Gönlünüzden geçen bu öneri üç dönem tartışması ile ilgili düzenlemeyi de zorunlu kılıyor. Bu konuya nasıl bakıyorsunuz?
Üç dönem kuralının kesinlikle kalkması lazım. Bizim partimizde şimdi üçüncü döneminde olan milletvekili sayısı 72'dir. Zaten her dönem içerisinde milletvekillerinin belli bir kısmı değişiyor. Üçüncü döneminde olanlar da muhtemelen belli bir oranda düşecek zaten. Üçüncü dönemimde olan vekiller bir yanıyla partinin hafızası, bu arkadaşların kalması gerekir.
Mansur Yavaş sonuca itiraz ederek AYM'ye başvurdu.
Önemli olan başvuru değil AYM'nin ne karar vereceğidir. Yüksek Seçim Kurulu'nun aldığı karar nihai karardır. Bu anayasaya göre böyledir. Yasalarda açık olan bir konuda AYM'den YSK'nın kararının tersi bir kararın çıkması hukuken mümkün değil. Kendileri de bunun böyle olduğunu bildikleri halde kamuoyunu etkilemek için böyle davranıyorlar.
Seçim gecesi kaybetme endişesi yaşadınız mı?

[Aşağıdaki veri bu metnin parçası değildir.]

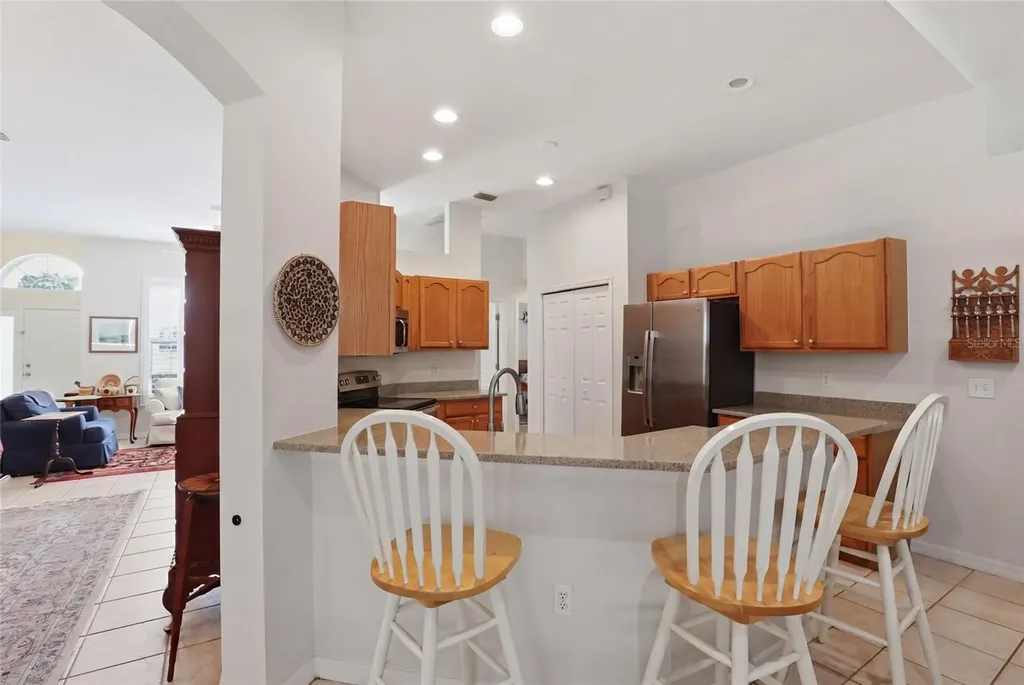 3205 Partridge Point Trail Valrico FL 33596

Seçim gecesi o kadar değişik bilgiler geldi ki. Bir ara açılmayan sandıkların Mansur'un da ifadesiyle Yenimahalle ve Çankaya olduğu söylendi. Eğer öyle olsaydı biz zaten kaybetmiştik. Onlar tersini söyleyerek algı yönetimi yapmaya çalıştılar. Kaybetme hissi bende bir an için doğmuştu. Sebebi de bilgi akışının gecikmesiydi.
'1 Mayıs'ta 3. Gezi olayı denenecek'
1 Mayıs'ın provoke edileceğini söylüyorsunuz. Bahsettiğiniz ne tür bir provokasyon?
1 Mayıs olayları üçüncü Gezi olayları olacak. Bunun ilki Haziran'da girişilen olaylardı. İkincisi ODTÜ'de olan olaylardı. Üçüncüsü ise 1 Mayıs'ta yapılmak isteniyor. Şimdiye dek olanların en serti olacağını düşünüyorum. Duyduklarım, ürküntüye soktu.
Nasıl bilgiler ve duyumlar?
Özellikle Taksim'de ve Ankara'da 1 Mayıs günü olacak olaylarda paralel yapının devamı olan bazı polis amirlerinin polislere çok sert davranmaları için talimat verecekleri yönünde duyumlar geldi bana. Olayı önlemeden çok karşılıklı çatışmaya sürükleyecek bir tavrın olacağı bilgisini aldım.
Seçim öncesi suikast olasılığından bahsediyordunuz…
Her zaman için mevcut o tehlike. Hem iktidar hem de muhalefet için bu risk var. Karıştırmak isteyenler için her zaman bu yol vardır.
'MHP, CHP'nin arka bahçesi haline geldi'
CHP ile Cemaatin bir ittifaka girmesi sizi şaşırttı mı?
Buna CHP ile MHP'nin bir araya gelmesini de katmak lazım. CHP'nin ve MHP'nin genetiğiyle, GDO'suyla oynadılar. Artık MHP milliyetçi bir parti olmaktan çıktı, CHP de sol bir parti olmaktan çıktı. CHP de, MHP de kimliksizleştiriliyor. MHP bir nevi CHP'nin arka bahçesi haline gelmeye başladı. CHP için sıkıntı varsa, MHP hemen yardıma koşuyor. Bunu Ankara ve İstanbul seçimlerinde gördük.
Bu ittifakın ömrü ne kadar?
Buna CHP ve MHP değil, baronlar karar veriyor. Muharrem İnce oradan istediği kadar bağırsın, baronlar için vız gelir tırıs gider. Paralel yapı da zaten beynelmilel güçlerin yardımcısı durumunda. Onlar ne derse onu yapıyorlar.
Sonrası için öngörünüz nedir?
Kılıçdaroğlu gidecek. Herhalde Sarıgül gelir. (Gülerek) Ben CHP'de Sarıgülcüyüm.